**TRY IT:** Among the entries below, which lines run from the line with "Colibri de Rivoli" through the line with "Farm Happenings for"? Retype those, both ends included, exactly and without pictures.

** MATERIAL FOR THE TASK follows **

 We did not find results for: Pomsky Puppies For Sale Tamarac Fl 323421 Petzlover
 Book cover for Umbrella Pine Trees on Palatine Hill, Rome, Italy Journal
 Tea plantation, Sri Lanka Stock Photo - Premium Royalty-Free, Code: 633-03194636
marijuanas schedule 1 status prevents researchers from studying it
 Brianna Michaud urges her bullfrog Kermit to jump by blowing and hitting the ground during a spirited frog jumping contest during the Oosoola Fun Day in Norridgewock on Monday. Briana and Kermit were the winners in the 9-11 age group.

** End of MATERIAL FOR THE TASK **
** MATERIAL FOR THE TASK follows **

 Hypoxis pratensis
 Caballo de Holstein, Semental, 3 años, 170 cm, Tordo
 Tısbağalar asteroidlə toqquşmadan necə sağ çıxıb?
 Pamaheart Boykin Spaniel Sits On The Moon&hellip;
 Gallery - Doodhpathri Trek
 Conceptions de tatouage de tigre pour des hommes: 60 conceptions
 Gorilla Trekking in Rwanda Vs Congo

** End of MATERIAL FOR THE TASK **
** MATERIAL FOR THE TASK follows **

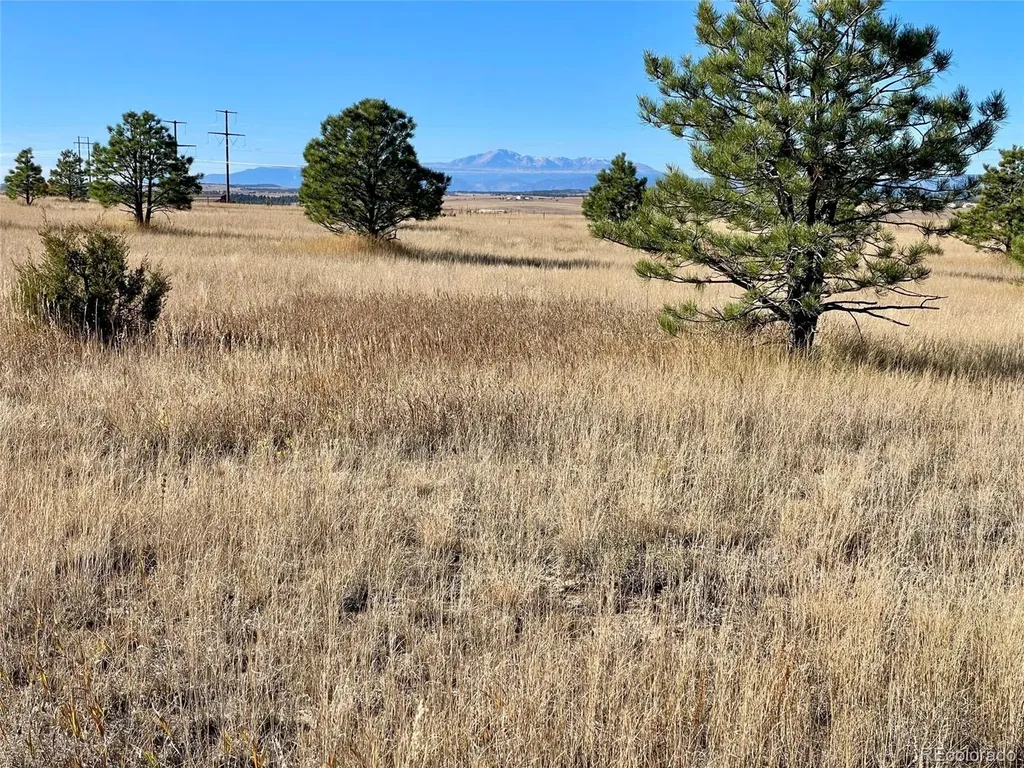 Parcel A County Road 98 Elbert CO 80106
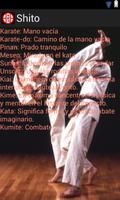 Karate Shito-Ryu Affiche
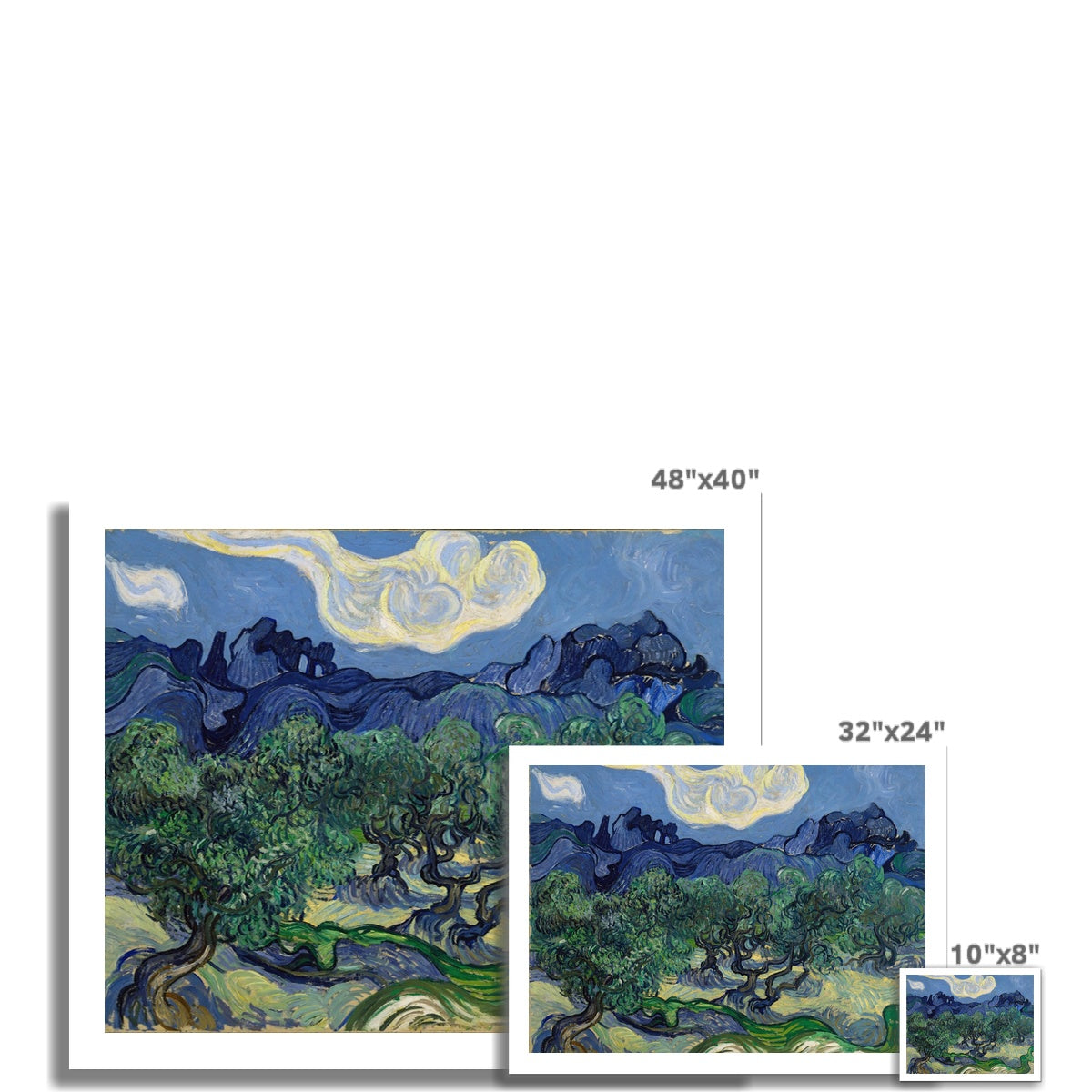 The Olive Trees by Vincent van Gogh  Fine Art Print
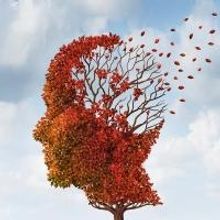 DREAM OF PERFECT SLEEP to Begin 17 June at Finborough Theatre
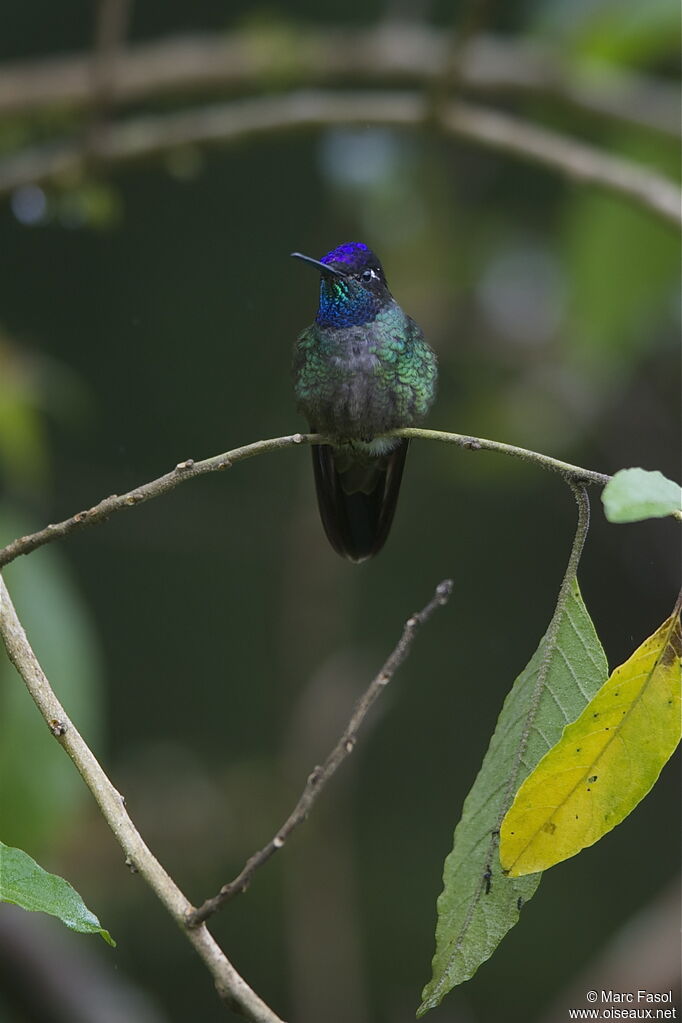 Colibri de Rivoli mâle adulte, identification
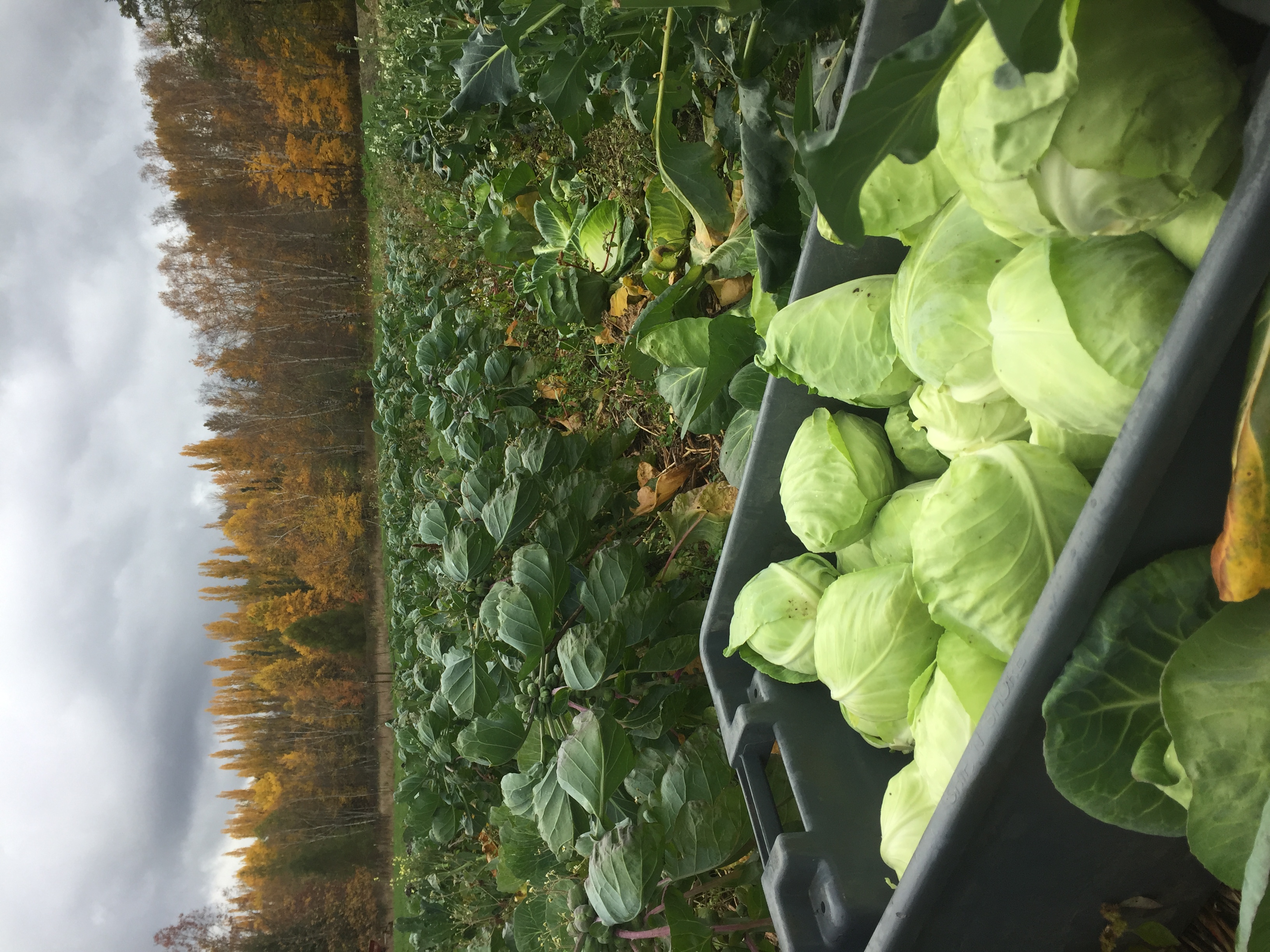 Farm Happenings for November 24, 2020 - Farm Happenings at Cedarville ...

** End of MATERIAL FOR THE TASK **

**EXPECTED OUTPUT:**
 Colibri de Rivoli mâle adulte, identification
 Farm Happenings for November 24, 2020 - Farm Happenings at Cedarville ...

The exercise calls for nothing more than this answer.